Defendendo-se por exceção, invoca a Requerida:
"a) Incompetência material do Tribunal Arbitral para o conhecimento dos vícios suscitados/a apreciação do pedido de aplicação ao Requerente do regime jurídico tributário dos residentes não habituais
Primeiramente, importa abordar a questão da propriedade do meio escolhido pelo Requerente para fazer valer a sua pretensão, porquanto, não obstante impugnar também a liquidação “do IRS com o número 2023...”, referente ao ano de 2022, a causa de pedir que suporta tal pedido centra-se na suposta condição de RNH do mesmo. Com efeito, e conforme referido/assumido pelo próprio Requerente no PPA o “ato imediato da presente impugnação” é “o despacho que indeferiu a reclamação graciosa apresentada pelo Requerente, no âmbito do processo com o número ...2024...”.
(...) de acordo com Jorge Lopes de Sousa, in Comentário ao Regime Jurídico da Arbitragem Tributária, Guia da Arbitragem Tributária, Almedina, 2013, pág. 105: «Mas, mesmo relativamente à impugnação de atos praticados no âmbito de procedimentos tributários, a competência destes tribunais arbitrais restringe-se à atividade conexionada com atos de liquidação de tributos, ficando de fora da sua competência a apreciação da legalidade de atos administrativos de indeferimento total ou parcial ou de revogação de isenções ou outros benefícios fiscais, quando dependentes de reconhecimento da Administração Tributária, bem como de outros atos administrativos relativos a questões tributárias que não comportem a apreciação da legalidade do ato de liquidação, a que se refere a alínea p) do n.º 1 do artigo 97.º do CPPT…»
É de facto notório que o Requerente pede, de forma expressa e literal que lhe seja reconhecido o direito a ser tributado ao abrigo de um regime especial em sede de IRS: o regime fiscal dos residentes não habituais, só que o julgamento dessa questão prévia não comporta a apreciação da legalidade de nenhum ato concreto de liquidação de imposto.
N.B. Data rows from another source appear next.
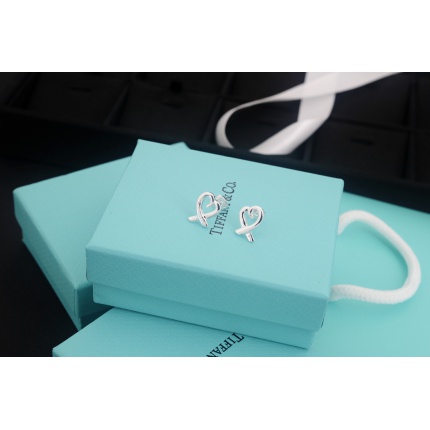 Tiffany Earring in 133710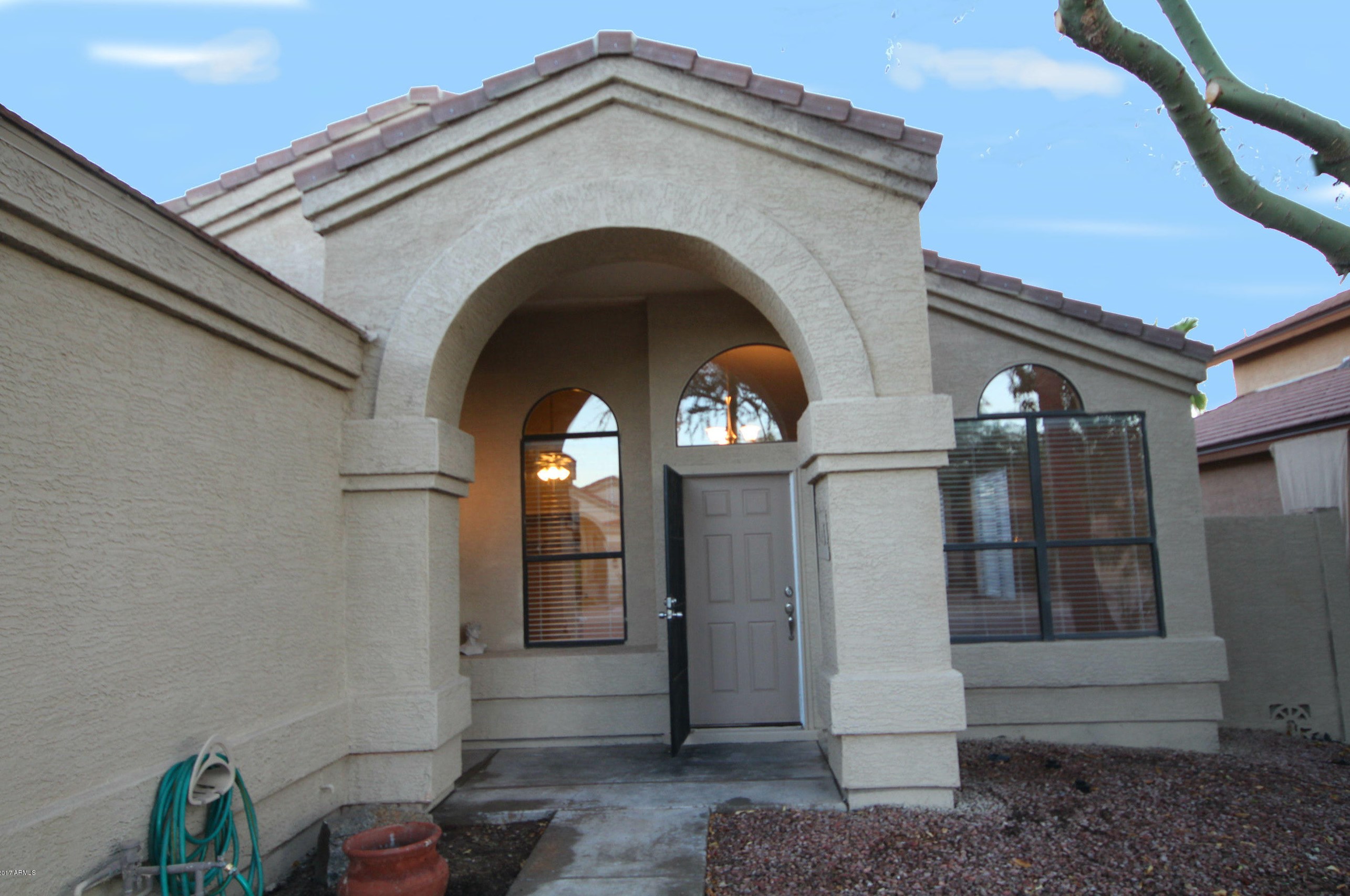 2108 Marco Polo Rd, Phoenix AZ  85024-1254 exterior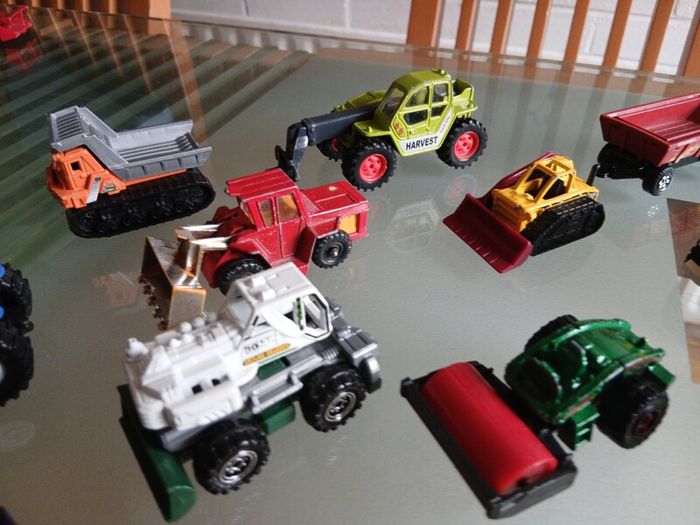 20 Construction And Farm Toy Cars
Sendo, assim, o Tribunal Arbitral é incompetente em razão da matéria para apreciar o pedido de aplicação do regime jurídico-tributário dos RNH, no caso para aplicar o regime, que lhe foi negado, à liquidação em apreço. Porquanto, como se disse e aqui se repete, se trata de questão tributária que não comporta a apreciação da legalidade do ato de liquidação invocado.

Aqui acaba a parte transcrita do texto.